In questo contesto si innesta poi l’art. 337 septies c.c. il quale, secondo la Cassazione, non costituisce la fonte dell’obbligo dei genitori, ma semplicemente, in caso di separazione della coppia, specifica con quali modalità sia da attuare il dovere di mantenimento nei confronti dei figli maggiorenni: mediante il pagamento di un assegno periodico da versarsi direttamente al figlio secondo quanto disposto dal giudice.
Tuttavia, la Corte di Cassazione ribadiva che, contrapposto al diritto del figlio di essere mantenuto, vi è il di lui dovere di emancipazione nel rispetto del principio di autoresponsabilità finalizzato ad evitare un abuso del diritto.

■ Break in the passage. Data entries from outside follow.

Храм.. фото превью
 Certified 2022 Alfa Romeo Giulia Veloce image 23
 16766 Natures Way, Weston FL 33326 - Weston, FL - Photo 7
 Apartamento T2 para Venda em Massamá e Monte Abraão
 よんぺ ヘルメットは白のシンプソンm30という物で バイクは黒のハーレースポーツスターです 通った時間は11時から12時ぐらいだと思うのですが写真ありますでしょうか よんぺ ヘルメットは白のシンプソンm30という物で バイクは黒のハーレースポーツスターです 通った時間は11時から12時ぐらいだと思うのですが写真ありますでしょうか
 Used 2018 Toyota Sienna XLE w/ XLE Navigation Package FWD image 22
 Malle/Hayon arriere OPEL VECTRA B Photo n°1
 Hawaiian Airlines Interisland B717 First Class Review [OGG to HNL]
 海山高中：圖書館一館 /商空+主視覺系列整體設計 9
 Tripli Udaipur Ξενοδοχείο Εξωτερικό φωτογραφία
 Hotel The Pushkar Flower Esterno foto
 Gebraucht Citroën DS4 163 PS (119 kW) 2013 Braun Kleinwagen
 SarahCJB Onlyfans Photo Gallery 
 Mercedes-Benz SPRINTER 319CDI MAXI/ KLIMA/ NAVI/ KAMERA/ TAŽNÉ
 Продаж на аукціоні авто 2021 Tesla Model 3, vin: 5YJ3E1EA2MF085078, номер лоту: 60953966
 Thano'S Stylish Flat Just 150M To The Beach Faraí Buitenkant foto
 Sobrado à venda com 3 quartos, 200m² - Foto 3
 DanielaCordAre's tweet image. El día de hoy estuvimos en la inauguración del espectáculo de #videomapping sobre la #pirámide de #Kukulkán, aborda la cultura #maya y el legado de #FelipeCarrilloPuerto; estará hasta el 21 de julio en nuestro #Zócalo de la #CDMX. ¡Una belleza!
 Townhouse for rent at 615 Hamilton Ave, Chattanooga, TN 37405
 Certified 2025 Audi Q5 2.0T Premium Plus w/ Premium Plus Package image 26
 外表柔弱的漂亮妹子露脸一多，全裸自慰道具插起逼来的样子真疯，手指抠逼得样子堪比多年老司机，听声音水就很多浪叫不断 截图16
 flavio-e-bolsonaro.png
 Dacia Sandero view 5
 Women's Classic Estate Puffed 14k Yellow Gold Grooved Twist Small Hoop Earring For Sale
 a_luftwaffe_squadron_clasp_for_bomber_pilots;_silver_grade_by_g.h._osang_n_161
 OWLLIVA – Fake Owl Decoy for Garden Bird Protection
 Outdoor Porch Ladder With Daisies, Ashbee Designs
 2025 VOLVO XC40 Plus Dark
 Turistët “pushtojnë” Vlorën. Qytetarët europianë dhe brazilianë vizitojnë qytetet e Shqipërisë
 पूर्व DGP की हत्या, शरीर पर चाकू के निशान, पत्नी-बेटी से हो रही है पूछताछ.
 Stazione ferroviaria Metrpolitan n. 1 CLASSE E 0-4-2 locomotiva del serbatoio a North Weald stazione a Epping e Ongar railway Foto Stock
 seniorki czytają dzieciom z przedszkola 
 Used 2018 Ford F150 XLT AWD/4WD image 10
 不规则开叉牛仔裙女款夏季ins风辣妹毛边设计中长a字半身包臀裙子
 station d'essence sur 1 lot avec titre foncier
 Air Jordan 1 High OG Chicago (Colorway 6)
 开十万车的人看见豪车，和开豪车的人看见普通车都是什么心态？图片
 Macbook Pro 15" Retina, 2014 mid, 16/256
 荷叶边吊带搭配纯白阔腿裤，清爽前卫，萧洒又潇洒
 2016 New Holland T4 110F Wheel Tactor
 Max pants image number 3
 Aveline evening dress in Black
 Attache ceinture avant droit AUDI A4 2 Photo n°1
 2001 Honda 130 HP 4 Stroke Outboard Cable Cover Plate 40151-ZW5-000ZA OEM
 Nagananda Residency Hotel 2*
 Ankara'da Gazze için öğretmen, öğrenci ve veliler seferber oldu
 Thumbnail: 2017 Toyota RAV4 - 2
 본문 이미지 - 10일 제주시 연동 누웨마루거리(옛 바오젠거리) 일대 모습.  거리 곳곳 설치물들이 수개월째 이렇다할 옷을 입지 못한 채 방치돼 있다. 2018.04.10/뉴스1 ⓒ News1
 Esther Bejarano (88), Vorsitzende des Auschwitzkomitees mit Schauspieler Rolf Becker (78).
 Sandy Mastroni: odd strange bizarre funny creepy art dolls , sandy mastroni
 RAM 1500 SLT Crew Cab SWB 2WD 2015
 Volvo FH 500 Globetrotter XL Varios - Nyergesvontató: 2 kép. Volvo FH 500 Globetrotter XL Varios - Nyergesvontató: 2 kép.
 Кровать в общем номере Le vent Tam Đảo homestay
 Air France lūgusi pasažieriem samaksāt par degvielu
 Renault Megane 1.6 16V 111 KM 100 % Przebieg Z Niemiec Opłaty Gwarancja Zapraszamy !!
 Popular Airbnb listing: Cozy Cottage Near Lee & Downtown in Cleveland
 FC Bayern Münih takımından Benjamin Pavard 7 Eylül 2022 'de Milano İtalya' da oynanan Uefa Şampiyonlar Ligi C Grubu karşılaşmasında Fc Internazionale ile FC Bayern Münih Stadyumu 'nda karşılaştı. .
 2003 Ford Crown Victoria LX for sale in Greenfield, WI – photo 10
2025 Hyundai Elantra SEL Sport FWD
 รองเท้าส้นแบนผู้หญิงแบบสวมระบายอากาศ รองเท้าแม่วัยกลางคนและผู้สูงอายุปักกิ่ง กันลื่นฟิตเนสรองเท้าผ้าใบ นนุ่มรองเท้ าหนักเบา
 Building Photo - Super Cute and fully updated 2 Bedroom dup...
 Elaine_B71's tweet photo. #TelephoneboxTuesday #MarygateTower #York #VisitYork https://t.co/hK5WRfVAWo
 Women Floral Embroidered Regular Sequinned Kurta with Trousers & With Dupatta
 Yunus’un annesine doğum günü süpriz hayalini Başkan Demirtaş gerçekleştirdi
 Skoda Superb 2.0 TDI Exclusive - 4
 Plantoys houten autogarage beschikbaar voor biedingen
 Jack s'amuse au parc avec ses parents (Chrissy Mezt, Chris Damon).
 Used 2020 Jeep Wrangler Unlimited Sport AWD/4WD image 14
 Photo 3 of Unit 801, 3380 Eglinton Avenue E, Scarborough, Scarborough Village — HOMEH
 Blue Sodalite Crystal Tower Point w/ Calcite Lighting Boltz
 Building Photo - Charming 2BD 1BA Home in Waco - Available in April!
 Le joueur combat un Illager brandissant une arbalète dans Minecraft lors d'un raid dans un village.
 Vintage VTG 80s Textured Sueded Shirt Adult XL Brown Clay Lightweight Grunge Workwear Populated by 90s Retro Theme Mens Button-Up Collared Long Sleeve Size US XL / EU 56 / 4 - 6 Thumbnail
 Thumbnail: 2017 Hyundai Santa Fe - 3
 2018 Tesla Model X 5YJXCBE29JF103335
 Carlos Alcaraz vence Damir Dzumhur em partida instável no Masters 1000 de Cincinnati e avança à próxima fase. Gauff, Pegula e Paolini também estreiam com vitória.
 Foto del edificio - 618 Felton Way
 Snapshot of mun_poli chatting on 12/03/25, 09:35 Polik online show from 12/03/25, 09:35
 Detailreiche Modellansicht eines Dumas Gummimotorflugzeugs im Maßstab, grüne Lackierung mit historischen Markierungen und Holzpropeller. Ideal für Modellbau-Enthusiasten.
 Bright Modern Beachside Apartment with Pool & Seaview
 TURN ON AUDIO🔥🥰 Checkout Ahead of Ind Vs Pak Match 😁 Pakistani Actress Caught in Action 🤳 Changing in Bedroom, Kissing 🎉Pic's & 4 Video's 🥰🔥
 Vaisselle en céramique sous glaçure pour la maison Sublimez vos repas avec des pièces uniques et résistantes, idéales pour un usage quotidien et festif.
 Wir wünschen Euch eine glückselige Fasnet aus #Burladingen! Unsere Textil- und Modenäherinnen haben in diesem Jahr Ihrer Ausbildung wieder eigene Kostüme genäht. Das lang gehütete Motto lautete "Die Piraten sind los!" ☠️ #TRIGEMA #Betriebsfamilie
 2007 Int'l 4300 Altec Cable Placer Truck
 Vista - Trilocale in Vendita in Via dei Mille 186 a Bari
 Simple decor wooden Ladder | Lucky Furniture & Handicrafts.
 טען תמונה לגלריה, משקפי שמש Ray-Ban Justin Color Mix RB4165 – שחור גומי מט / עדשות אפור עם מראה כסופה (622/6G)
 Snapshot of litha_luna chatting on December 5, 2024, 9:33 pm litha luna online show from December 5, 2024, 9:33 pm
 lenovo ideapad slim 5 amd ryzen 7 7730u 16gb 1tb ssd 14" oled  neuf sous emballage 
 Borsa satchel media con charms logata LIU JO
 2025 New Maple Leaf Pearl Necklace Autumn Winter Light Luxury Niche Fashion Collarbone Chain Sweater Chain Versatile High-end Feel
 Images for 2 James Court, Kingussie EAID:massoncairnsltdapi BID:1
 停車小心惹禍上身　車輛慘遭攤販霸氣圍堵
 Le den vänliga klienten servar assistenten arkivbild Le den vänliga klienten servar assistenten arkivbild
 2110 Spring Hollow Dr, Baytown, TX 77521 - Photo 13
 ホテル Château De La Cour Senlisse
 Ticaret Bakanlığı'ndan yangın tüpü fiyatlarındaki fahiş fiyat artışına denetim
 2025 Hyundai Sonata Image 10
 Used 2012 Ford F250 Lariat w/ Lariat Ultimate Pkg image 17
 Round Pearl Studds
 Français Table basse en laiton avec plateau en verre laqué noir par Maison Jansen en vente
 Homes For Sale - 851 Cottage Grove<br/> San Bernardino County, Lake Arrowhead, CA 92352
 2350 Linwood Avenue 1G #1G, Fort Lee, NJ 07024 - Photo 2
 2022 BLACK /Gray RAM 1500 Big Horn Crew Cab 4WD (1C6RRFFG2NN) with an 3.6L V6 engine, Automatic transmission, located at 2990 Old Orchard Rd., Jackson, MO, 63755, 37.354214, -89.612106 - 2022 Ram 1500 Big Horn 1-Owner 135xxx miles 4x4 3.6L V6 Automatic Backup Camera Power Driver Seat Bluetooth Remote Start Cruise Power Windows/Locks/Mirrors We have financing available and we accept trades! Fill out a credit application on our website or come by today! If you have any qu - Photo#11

Per tali motivi, la Corte di Cassazione, in molteplici pronunce, ha affermato che “il ruolo di supporto dei genitori, pur diversamente modulandosi al conseguimento della maggiore età, termina solo nel momento in cui il figlio si inserisce (o avrebbe dovuto farlo secondo i paramenti di una diligente condotta) in modo indipendente ed autonomo nella società e comunque non può protarsi oltre ragionevoli limiti di tempo e di misura, al di là dei quali si risolverebbe in forme di parassitismo, in spregio al dovere di solidarietà di cui è richiesto l’adempimento a tutti i consociati (art. 2 Cost.), a maggior ragione all’interno della formazione sociale famiglia”.
Un altro aspetto importante, chiarito dagli Ermellini in questa ordinanza riguardava la ripartizione dell’onere probatorio: se è il genitore a chiedere la revoca dell’obbligo di mantenere il figlio, deve provare che il figlio è divenuto indipendente o che non lo è per sua negligenza; se, invece, è il figlio ad avanzare la richiesta di mantenimento, allora sarà il ragazzo o la ragazza a dover provare di non essere in grado di mantenersi da solo nonostante l’impegno profuso nello studio o nella ricerca di un lavoro consono.
Chiarito quanto sopra, la Corte di Cassazione criticava l’operato della Corte di Appello di Catania che non ha correttamente valutato le circostanze concrete alla luce dei principi che regolano la materia.
I giudici di secondo grado, infatti, non avevano debitamente considerato il fatto che il giudizio era iniziato quando la figlia era ancora minorenne e anche che il padre stesso, in un primo momento, aveva chiesto che le venisse riconosciuto un assegno.
Inoltre, la Corte catanese si era limitata ad affermare che la figlia era “ormai autonoma”, senza individuare il momento in cui lo era divenuta, e che aveva abbandonato gli studi, senza valutare la sua capacità lavorativa in funzione alla di lei formazione professionale e alle concrete possibilità offerte dal mercato del lavoro del luogo di residenza.
Per tali ragioni, la Corte di Cassazione cassava la decisione con rinvio alla Corte di Appello di Catania, in diversa composizione, per un nuovo esame della questione da effettuarsi alla luce dei principi sanciti nella pronuncia di legittimità.